---- Dataset content

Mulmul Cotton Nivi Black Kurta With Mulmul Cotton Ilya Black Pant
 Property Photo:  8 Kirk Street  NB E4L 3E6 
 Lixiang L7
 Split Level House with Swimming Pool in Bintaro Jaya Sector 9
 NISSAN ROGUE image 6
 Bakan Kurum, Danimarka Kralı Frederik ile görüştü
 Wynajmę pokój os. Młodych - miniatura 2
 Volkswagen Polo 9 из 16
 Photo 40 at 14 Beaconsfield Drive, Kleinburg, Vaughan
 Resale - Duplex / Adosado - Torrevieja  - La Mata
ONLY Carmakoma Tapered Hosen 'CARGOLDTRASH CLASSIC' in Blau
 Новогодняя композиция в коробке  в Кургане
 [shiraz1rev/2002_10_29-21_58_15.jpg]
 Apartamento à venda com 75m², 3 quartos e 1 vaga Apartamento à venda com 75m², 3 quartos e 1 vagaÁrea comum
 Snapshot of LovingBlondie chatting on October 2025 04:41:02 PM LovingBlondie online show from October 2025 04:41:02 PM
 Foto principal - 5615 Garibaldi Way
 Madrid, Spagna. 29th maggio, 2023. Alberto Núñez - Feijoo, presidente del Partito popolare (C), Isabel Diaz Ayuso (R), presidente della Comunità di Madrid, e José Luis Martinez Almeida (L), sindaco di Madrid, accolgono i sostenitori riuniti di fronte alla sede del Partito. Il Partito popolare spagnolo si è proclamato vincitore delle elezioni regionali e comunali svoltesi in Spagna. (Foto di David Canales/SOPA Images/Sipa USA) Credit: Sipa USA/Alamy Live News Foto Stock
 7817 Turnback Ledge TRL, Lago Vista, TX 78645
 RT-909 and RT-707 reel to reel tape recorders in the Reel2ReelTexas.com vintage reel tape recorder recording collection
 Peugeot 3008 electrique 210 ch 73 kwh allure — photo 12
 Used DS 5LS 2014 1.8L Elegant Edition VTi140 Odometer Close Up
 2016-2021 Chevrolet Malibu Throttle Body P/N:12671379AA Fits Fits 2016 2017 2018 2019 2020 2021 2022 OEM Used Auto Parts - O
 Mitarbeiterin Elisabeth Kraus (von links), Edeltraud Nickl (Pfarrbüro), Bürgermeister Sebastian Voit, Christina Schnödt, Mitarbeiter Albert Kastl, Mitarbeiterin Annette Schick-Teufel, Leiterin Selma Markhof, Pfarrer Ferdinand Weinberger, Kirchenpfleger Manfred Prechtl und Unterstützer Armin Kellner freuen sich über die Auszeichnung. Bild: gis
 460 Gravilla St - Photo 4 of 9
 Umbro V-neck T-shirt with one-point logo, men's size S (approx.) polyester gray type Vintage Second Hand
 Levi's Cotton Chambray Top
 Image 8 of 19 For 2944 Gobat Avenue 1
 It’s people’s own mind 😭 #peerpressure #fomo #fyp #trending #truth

--------

• **Exercise requirements**
Could you print, word for word, the line containing "Levi's Cotton Chambray Top" and every line after it through the end of the records, and nothing else?

• **Result for this exercise**
 Levi's Cotton Chambray Top
 Image 8 of 19 For 2944 Gobat Avenue 1
 It’s people’s own mind 😭 #peerpressure #fomo #fyp #trending #truth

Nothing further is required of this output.